At Consensus Miami 2026 in Miami, FL, Arthur Hayes—the co-founder of BitMEX and chief investment officer of Maelstrom—set out a market view that places fiat liquidity, not regulation, at the center of bitcoin’s price dynamics. In remarks to conference attendees, Hayes argued that the pace and scale of money creation are the dominant forces shaping bitcoin’s fair value and future trajectory, framing crypto market direction as a function of how many units of fiat exist now and how many are likely to be created next.

Analyst Views

Hayes’ thesis presents a straightforward lens for forecasting: when fiat currency supply expands, the purchasing power of those units falls, and scarce bearer assets such as bitcoin, in his view, reprice higher in fiat terms. He told the audience that discussions about political cycles or rulemaking are secondary to the liquidity backdrop. For market watchers who attempt to calibrate long‑term price targets or cyclical inflection points, Hayes suggested that the essential variables are the current quantity of fiat, the expected quantity in the future, and the speed at which new fiat is produced.

Positioning this as a market framework rather than a policy debate, Hayes said many conversations about traditional finance engagement, regulatory convergence, and proposed legislative fixes miss the primary driver. While acknowledging that industry forums frequently spotlight cooperation between regulators and crypto, he contended that most conference-goers ultimately care about performance—and that performance, in his outlook, traces back to liquidity rather than politics.

Key Factors

To illustrate his view, Hayes looked across multiple U.S. administrations and identified episodes that, in his assessment, amplified bitcoin’s appeal and price. He cited the banking crisis response—specifically, the decision to bail out banks and substantially increase the money supply—as an early catalyst that sent bitcoin “off to the races.” He then pointed to subsequent shocks and policy responses, including COVID, stimulus checks, “Biden’s New Green Deal,” and the Russian invasion of Ukraine, as developments that steered capital toward bearer assets such as bitcoin and gold. In Hayes’ telling, these milestones mattered to markets less for their political complexion and more for their liquidity effects.
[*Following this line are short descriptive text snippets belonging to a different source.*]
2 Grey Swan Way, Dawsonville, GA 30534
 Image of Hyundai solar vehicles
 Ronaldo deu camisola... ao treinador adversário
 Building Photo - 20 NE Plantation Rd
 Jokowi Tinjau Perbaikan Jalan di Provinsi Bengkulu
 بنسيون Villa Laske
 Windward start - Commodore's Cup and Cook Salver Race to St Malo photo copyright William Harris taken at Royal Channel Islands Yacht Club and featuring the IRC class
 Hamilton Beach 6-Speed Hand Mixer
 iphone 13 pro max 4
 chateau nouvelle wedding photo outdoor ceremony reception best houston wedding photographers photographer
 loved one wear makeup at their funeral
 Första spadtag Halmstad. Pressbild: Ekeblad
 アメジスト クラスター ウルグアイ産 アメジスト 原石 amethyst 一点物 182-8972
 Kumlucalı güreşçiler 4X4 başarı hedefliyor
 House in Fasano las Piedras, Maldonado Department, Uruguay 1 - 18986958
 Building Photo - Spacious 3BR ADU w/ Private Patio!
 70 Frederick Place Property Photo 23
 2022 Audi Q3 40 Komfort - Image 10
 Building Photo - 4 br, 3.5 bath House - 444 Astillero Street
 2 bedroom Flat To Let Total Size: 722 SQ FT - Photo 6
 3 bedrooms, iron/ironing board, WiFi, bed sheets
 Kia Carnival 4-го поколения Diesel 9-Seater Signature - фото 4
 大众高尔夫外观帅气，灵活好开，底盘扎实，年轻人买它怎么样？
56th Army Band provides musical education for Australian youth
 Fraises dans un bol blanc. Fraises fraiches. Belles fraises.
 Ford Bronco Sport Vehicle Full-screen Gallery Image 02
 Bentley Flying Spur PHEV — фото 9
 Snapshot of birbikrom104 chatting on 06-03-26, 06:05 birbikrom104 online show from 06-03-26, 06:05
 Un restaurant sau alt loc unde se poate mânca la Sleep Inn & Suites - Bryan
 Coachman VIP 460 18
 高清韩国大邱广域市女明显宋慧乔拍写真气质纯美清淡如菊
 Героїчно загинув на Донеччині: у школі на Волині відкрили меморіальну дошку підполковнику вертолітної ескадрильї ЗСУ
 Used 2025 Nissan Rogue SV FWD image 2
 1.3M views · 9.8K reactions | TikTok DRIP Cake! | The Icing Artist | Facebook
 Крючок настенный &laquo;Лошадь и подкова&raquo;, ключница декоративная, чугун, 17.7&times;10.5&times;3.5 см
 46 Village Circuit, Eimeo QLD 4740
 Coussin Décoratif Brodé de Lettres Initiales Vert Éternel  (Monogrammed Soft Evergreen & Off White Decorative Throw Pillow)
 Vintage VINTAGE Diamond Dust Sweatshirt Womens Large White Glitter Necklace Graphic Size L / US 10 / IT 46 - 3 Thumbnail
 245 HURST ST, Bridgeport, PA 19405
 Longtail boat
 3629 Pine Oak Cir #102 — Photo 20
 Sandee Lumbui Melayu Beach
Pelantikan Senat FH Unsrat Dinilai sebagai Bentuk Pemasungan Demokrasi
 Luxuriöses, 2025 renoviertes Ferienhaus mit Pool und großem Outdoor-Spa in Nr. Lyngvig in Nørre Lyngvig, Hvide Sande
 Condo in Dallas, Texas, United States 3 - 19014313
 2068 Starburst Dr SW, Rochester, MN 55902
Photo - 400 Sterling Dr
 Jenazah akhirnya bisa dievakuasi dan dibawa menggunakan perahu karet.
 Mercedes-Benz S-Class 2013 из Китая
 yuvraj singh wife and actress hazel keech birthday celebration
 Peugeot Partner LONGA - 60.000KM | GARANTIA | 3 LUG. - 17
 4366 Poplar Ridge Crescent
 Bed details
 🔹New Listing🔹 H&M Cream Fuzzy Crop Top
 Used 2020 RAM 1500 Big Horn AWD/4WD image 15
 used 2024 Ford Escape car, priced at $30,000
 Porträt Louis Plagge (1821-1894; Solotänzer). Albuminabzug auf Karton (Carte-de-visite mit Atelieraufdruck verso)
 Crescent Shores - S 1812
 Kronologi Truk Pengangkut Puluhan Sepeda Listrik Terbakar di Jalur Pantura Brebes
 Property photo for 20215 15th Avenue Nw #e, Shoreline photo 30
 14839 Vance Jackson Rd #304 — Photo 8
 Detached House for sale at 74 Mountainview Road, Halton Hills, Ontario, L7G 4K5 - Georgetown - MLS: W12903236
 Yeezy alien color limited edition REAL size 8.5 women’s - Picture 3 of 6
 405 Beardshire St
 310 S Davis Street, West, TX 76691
This line of reasoning also underpins his skepticism that regulation is the decisive variable for crypto valuations. Hayes characterized bitcoin’s value as residing outside the “regulatory apparatus,” arguing that proposals—including bills he referenced such as the Clarity Act—do not fundamentally alter the mechanism that, in his view, propels price: the creation of additional fiat money.

Market Outlook

Hayes’ forecast framework implies a conditional path for bitcoin: should global money printing accelerate, he expects the asset’s value to rise in fiat terms; should it slow, the outlook would moderate accordingly. He described the relationship in direct, liquidity‑first terms, asserting that “the more money that is printed in the U.S. and around the world,” the greater the value bitcoin would command when measured in those currencies. For investors and traders evaluating scenarios, his message reduces the complex mix of macro, policy, and sentiment signals to a single organizing principle: track the creation of fiat units to assess the directional bias for bitcoin.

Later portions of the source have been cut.